== Extracted material

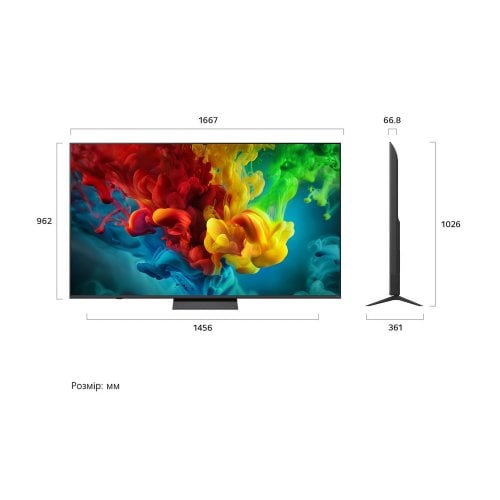 Телевизор LG 75" 75QNED83B6A Black купить в Украине | Telemart фото
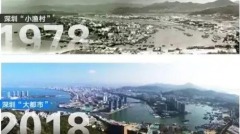 关于深圳：它有“原罪”吗(图)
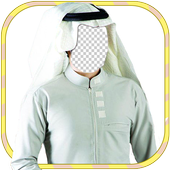 صورتك في بدلة عربية أيقونة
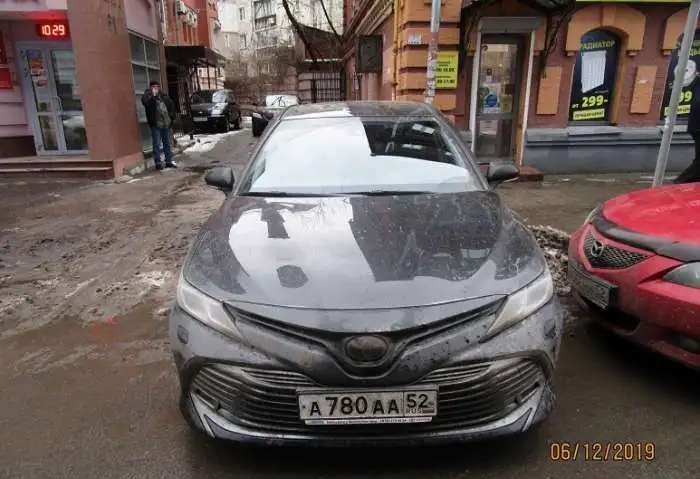Toyota Camry VIII (XV70)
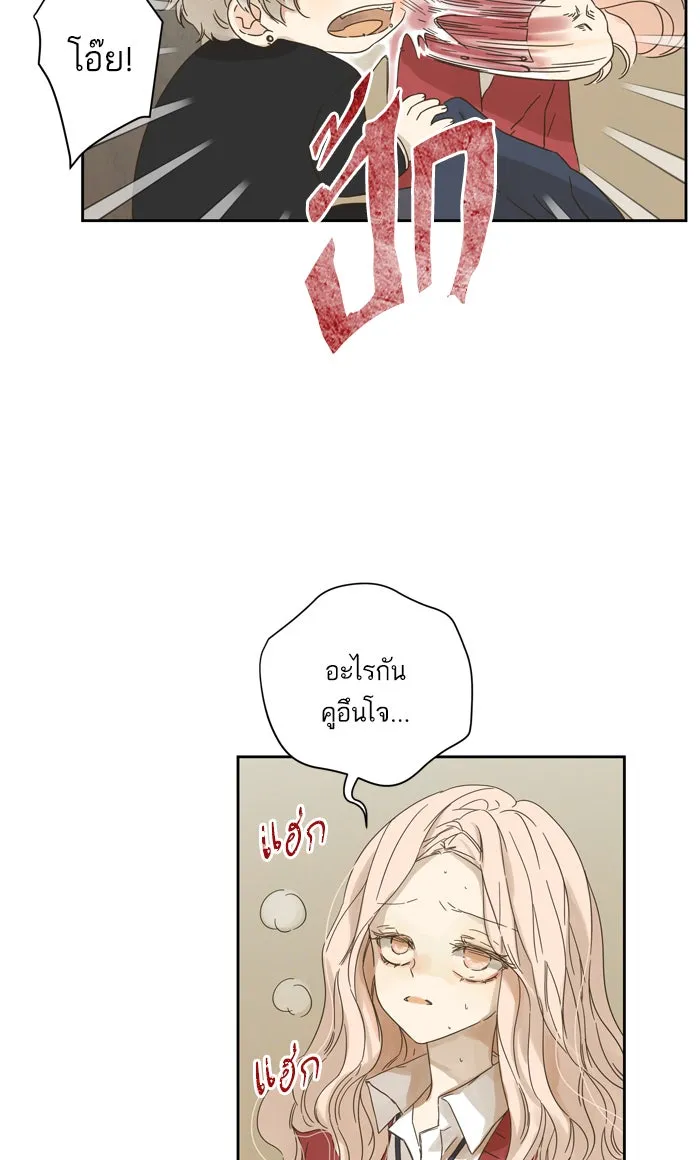 ฉันมันร้าย หรือเพราะโลกไม่น่ารัก ตอนที่ 56 รูปที่ 13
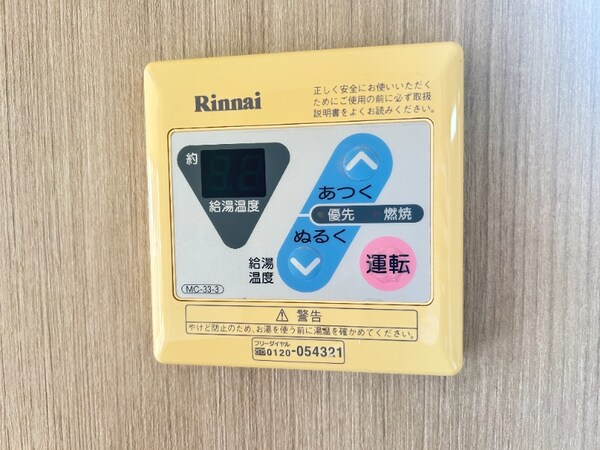 その他部屋・スペース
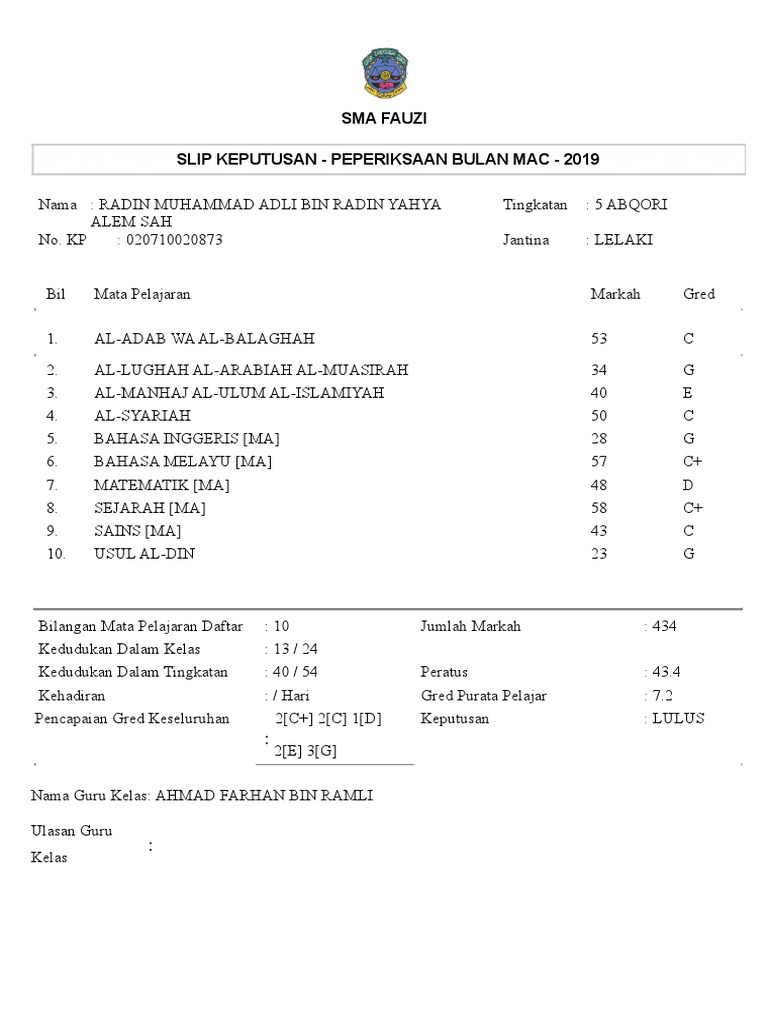 Template Slip Exam Pelajar PDF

====

## Work instructions
Transcribe all of the data above exactly; no picture belongs in the copy.

## Answer space
 Телевизор LG 75" 75QNED83B6A Black купить в Украине | Telemart фото
 关于深圳：它有“原罪”吗(图)
 صورتك في بدلة عربية أيقونة
Toyota Camry VIII (XV70)
 ฉันมันร้าย หรือเพราะโลกไม่น่ารัก ตอนที่ 56 รูปที่ 13
 その他部屋・スペース
 Template Slip Exam Pelajar PDF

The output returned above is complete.